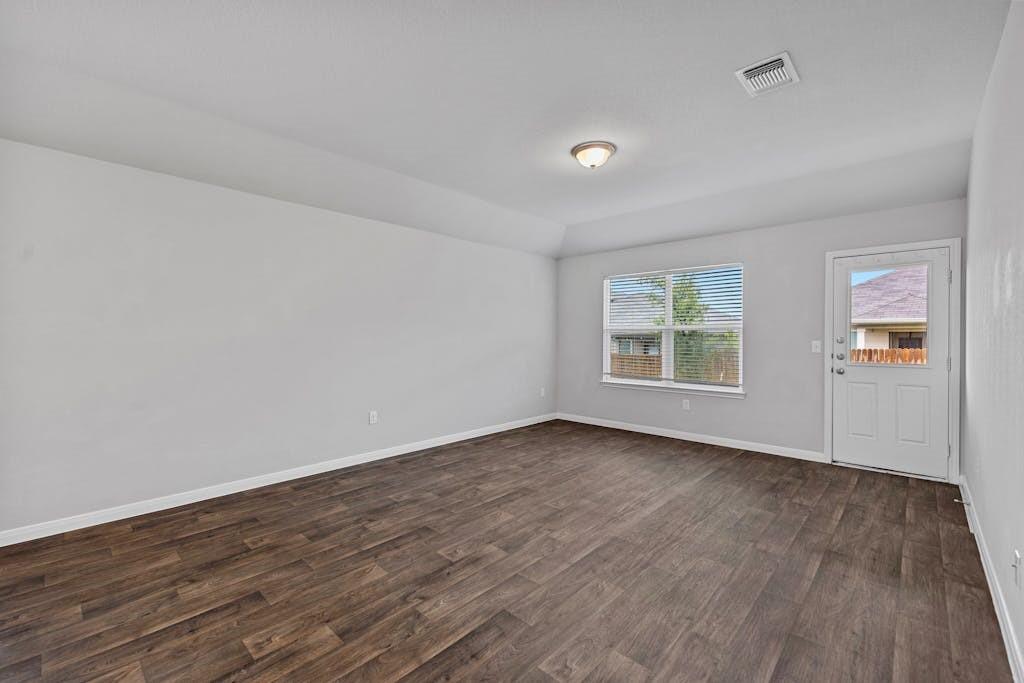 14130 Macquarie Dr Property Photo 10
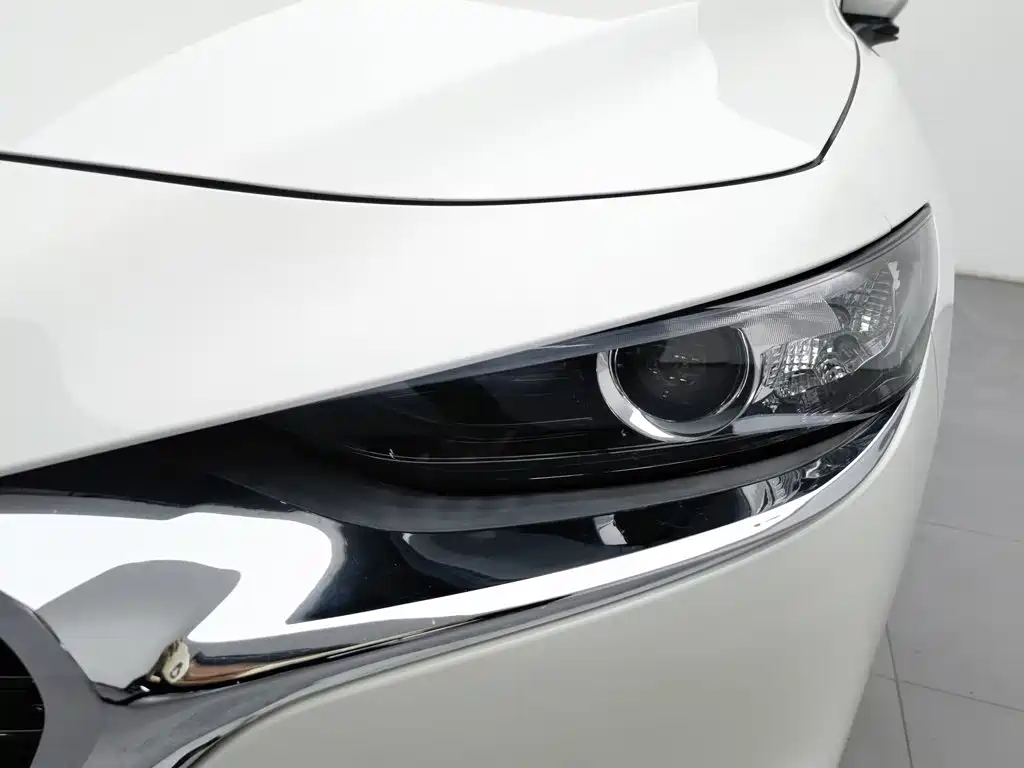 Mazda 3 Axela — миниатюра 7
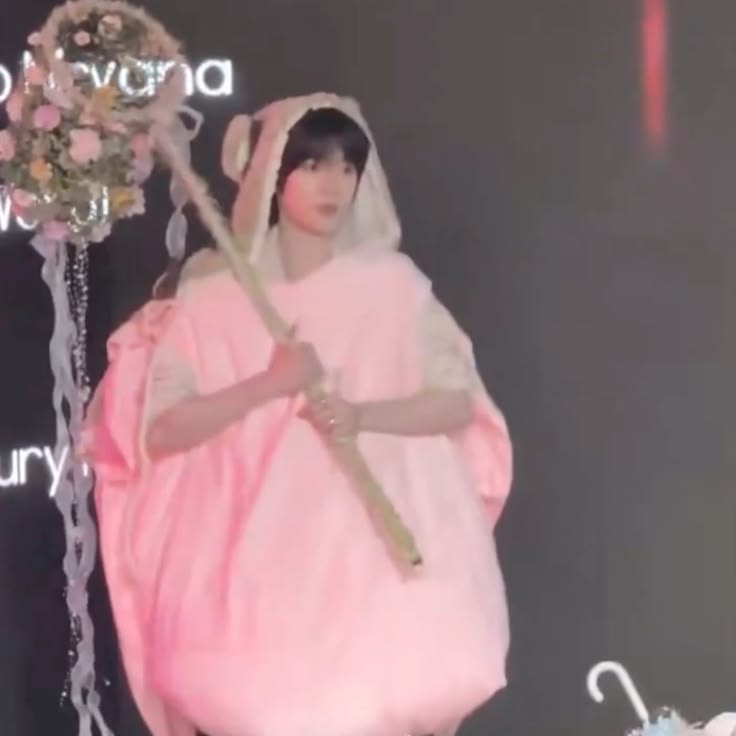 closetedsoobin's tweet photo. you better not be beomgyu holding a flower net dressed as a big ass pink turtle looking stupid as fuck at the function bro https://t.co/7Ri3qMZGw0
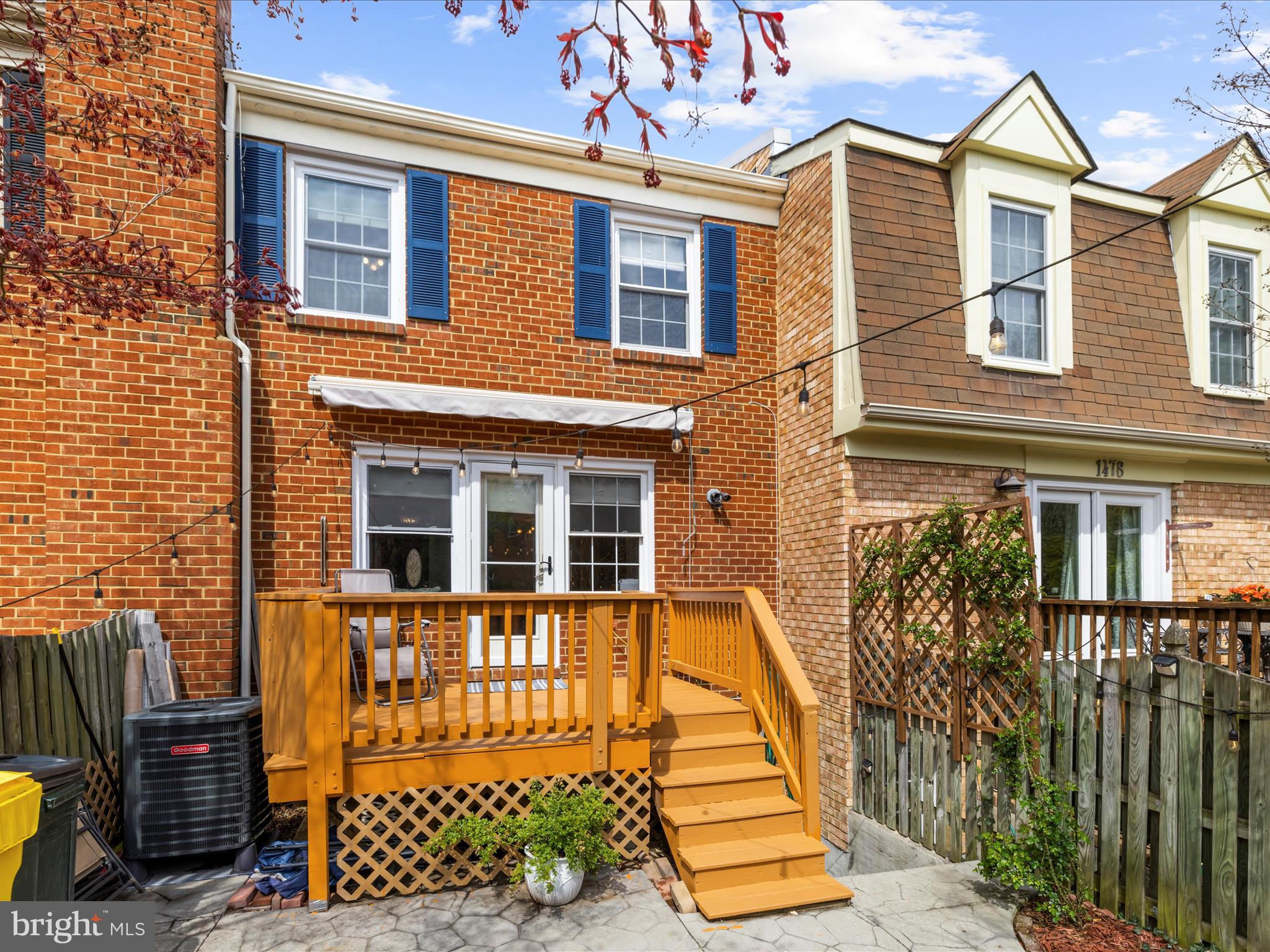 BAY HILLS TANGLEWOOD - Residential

○ ○ ○ ○ ○

Produce an exact copy of the lines from the line containing "Mazda 3 Axela — миниатюра 7" to the end of the material, both ends included, and omit every picture.

 Mazda 3 Axela — миниатюра 7
 closetedsoobin's tweet photo. you better not be beomgyu holding a flower net dressed as a big ass pink turtle looking stupid as fuck at the function bro https://t.co/7Ri3qMZGw0
 BAY HILLS TANGLEWOOD - Residential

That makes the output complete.